Les nombreux courants de Yoga dans le monde, les nombreuses pratiques farfelues, les récupérations, la façon du commerce mondialisé de travestir le Yoga ou encore le manque de formation et les formations trop rapides perdent les pratiquants. Mais aussi l’illusion d’une formation indienne qui aurait plus de valeur. Aujourd’hui pour répondre au format moderne les formations sont raccourcies parfois à un mois et leur donner un côté indien donne l’illusion d’une « vraie » formation. 

Comment identifier et authentifier un enseignement de Yoga ?
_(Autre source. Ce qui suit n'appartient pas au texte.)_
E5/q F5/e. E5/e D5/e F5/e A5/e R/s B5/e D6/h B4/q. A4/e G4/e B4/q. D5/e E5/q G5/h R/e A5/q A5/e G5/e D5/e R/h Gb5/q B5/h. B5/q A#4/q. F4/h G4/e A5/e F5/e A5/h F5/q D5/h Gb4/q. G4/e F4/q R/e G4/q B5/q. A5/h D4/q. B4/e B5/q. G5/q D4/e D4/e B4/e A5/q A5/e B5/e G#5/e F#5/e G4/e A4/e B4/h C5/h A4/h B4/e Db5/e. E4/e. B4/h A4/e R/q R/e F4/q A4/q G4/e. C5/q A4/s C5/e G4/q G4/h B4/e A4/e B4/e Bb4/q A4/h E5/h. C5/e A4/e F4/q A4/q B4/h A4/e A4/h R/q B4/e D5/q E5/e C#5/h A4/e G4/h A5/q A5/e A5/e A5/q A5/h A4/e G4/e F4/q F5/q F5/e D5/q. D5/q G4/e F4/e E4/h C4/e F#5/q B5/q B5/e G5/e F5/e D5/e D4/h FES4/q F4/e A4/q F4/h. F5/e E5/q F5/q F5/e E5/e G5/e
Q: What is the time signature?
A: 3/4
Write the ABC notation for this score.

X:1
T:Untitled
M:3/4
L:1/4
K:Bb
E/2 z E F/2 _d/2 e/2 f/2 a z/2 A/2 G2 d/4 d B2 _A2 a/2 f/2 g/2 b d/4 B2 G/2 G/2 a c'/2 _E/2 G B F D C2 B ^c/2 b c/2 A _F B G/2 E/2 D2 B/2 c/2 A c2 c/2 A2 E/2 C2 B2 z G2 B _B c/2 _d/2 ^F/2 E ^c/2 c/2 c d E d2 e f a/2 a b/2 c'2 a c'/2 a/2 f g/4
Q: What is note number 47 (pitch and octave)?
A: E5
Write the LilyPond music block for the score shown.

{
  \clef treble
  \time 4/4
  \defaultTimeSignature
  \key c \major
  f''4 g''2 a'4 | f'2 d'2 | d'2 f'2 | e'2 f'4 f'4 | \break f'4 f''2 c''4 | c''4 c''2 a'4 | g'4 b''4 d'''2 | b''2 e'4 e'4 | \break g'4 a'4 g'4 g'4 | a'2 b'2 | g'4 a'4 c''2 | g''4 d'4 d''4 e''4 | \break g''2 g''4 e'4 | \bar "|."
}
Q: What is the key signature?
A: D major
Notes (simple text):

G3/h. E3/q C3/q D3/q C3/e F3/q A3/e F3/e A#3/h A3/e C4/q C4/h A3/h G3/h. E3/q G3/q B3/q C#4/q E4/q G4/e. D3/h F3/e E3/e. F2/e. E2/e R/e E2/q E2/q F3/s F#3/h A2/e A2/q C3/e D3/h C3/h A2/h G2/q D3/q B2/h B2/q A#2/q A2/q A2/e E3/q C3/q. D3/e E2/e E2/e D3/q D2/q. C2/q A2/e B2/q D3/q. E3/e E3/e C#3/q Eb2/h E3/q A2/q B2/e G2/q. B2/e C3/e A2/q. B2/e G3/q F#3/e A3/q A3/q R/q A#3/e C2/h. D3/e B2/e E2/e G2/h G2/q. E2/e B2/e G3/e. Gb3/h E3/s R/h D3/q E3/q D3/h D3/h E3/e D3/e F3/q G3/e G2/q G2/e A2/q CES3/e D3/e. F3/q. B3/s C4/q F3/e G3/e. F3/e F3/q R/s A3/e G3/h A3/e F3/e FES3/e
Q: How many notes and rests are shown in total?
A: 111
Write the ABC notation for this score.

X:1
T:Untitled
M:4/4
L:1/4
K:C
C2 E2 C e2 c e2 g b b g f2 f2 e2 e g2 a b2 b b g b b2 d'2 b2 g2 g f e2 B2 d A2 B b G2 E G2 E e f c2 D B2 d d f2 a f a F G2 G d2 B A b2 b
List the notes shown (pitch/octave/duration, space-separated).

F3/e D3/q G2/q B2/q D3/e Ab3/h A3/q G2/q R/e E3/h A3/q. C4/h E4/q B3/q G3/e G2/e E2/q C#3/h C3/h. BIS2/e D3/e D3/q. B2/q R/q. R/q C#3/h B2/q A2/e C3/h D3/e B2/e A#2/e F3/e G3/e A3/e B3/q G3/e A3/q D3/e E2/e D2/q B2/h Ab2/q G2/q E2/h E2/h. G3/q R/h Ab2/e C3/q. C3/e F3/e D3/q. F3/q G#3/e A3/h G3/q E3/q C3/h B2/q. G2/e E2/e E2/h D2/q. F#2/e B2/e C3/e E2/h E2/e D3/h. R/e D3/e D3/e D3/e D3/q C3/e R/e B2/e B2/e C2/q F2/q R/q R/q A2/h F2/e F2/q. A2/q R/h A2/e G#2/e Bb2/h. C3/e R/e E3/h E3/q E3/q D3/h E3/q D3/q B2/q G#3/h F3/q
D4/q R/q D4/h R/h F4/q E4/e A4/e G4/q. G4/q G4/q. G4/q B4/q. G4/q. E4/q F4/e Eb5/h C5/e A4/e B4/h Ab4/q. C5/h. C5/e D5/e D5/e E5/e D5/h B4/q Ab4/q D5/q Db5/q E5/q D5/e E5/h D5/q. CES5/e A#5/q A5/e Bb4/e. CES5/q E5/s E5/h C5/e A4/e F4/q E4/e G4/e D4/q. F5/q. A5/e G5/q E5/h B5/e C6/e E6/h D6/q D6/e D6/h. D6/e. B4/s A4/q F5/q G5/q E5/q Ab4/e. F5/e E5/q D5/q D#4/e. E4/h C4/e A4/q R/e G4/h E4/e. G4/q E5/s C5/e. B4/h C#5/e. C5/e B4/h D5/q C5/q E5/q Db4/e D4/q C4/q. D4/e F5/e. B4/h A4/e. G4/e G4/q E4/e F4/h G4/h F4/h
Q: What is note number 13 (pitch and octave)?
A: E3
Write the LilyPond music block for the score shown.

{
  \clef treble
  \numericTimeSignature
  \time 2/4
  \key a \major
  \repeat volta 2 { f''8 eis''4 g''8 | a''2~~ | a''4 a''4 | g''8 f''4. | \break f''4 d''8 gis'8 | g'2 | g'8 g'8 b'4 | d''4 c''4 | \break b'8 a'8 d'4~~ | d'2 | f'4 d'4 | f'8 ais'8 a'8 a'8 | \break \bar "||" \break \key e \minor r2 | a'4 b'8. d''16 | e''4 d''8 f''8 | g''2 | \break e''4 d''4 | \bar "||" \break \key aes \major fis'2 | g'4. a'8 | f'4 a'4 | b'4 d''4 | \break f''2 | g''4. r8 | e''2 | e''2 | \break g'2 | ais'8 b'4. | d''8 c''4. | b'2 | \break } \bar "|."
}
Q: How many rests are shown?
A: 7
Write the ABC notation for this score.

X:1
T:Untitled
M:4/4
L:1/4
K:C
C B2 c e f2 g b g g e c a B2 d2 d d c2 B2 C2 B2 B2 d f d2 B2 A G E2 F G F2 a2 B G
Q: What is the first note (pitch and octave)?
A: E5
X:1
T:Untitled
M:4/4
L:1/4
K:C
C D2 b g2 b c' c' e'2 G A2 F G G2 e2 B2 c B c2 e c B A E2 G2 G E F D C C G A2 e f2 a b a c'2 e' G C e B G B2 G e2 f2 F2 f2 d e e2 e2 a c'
Un critère me paraît essentiel, la Paramparā . Ce terme décrit une lignée de transmission ininterrompue de professeurs à élèves. Cette chaîne ininterrompue d’élèves qui deviennent à leur tour professeurs donne de la crédibilité à un enseignement. Pour valider un enseignement on peut penser qu’ il faut au moins trois génération de professeurs au dessus de soi. Par exemple dans la HaṭhaYogaPradīpikā (la petite lumière sur le Haṭha) l’auteur Svātmārāma cite une trentaine d’enseignants au dessus de lui. Bien que ce critère ne soit pas le seul pour faire un bon professeur mais il donne un traçabilité, une inscription dans un courant.

Qu’en est-il de l’initiation ?

L’initiation auprès de grands maîtres indiens, certains l’ont faite et font preuve d’une démarche sincère. C’est l’essence même du Yoga, une transmission directe de maître à disciple. Est-ce qu’elle garantit ensuite un bel enseignement ? On en revient à la vertu d’exemple qui est centrale dans la transmission indienne. C’est d’abord dans notre attitude qu’on enseigne, la loyauté, la recherche, l’abandon à plus large que soi, l’humilité. La force de l’exemple qu’on pouvait retrouver chez des personnages comme Gandhi, Mandela, Luther King et des Yogis comme Ramakrishna.

Évidemment il ne faut pas non plus négliger l’enseignement des textes sacrés et des postures, l’attitude est la base essentielle mais elle doit se compléter avec une bonne connaissance de ces deux aspects et l’âge et l’expérience sont des atouts non négligeables dans la valeur de l’enseignement.

Sri Ramakrishna Paramahamsa

Peut-on être occidental et professeur de Yoga ?

Je ne peux répondre que oui étant moi même dans cette situation ! Il me semble qu’il faut faire attention à l’appropriation culturelle. Ne pas singer les indiens. Transmettre l’universalisme du Yoga en tenant compte des particularités sociétales de notre environnementRespecter la tradition et la source du Yoga, s’appuyer sur les textes référents, ne pas inventer ce que l’on ne connaît pas ou n’a pas expérimenté. Nous attirons les élèves qui nous ressemblent. Comme je l’ai dit précédemment la sincérité, la recherche et l’humilité sont de mise. 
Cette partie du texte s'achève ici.